SELECT * FROM oss_fdw_list_file('ossexample');
name | size
--------------------------------+-----------
osstest/test.gz.1 | 739698350
osstest/test.gz.2 | 739413041
osstest/test.gz.3 | 739562048
(3 rows)
Auxiliary parameters
oss_fdw.rds_read_one_file: specifies the OSS object that a foreign table matches. This parameter is supported only when you import data from the OSS bucket into your RDS instance. If you specify this parameter, only the OSS object that the specified foreign table matches is imported.
SET oss_fdw.rds_read_one_file = 'osstest/test.gz.2';
SELECT * FROM oss_fdw_list_file('ossexample');
name | size
--------------------------------+-----------
oss_test/test.gz.2 | 739413041
(1 rows)
Usage notes
The oss_fdw extension is developed based on the PostgreSQL FOREIGN TABLE framework to manage foreign tables.
Data import performance varies based on the available PostgreSQL and OSS resources. The PostgreSQL resources are CPU, I/O, and memory.
To import data at high performance, make sure that your RDS instance and the OSS bucket reside in the same region. For more information, see OSS domain names.
If the error "
ERROR: oss endpoint userendpoint not in aliyun white list
" is reported when SQL statements are read from the foreign table, we recommend that you use the public OSS endpoint that is provided for the specified region. For more information, see Regions and endpoints.
Troubleshooting
If an import or export error occurs, the following error information is logged:
code: the HTTP status code of the request that has failed.
error_code: the error code that is returned by OSS.
error_msg: the error message that is returned by OSS.
req_id: the UUID of the request that has failed. If you require assistance in solving a problem, you can submit a ticket that contains the req_id value of the failed request.
For more information about various errors, see the following documentation. You can handle time-out errors by reconfiguring the parameters related to the oss_ext extension.
Encryption of AccessKey ID and AccessKey secret
If you do not encrypt the values of the id and key parameters in the CREATE SERVER statement, other users can obtain your AccessKey pair in plaintext by executing the select * from pg_foreign_server
statement. You can use symmetric encryption to encrypt the values of the id and key parameters. Use different keys for different RDS instances.

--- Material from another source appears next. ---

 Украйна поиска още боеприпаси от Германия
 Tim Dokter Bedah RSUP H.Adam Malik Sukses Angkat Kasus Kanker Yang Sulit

This further protects your AccessKey pair. However, you cannot add data types as you can in Greenplum. This prevents incompatibility with earlier versions.
The following snippet provides the encrypted values of the id and key parameters:
postgres=# SELECT * FROM pg_foreign_server ;
srvname | srvowner | srvfdw | srvtype | srvversion | srvacl | srvoptions
-----------+----------+--------+---------+------------+--------+------------------------------------------------------------------------------------------------------------------------------------
----------------------------------
ossserver | 10 | 16390 | | | | {host=oss-cn-hangzhou-zmf.aliyuncs.com,id=MD5****,key=MD5****,bucket=067862}
Each encrypted value starts with an MD5 string. The total length divided by 8 is 3. After these encrypted values are exported, they will not be encrypted again. Take note that you cannot create an AccessKey ID or AccessKey secret that starts with an MD5 string.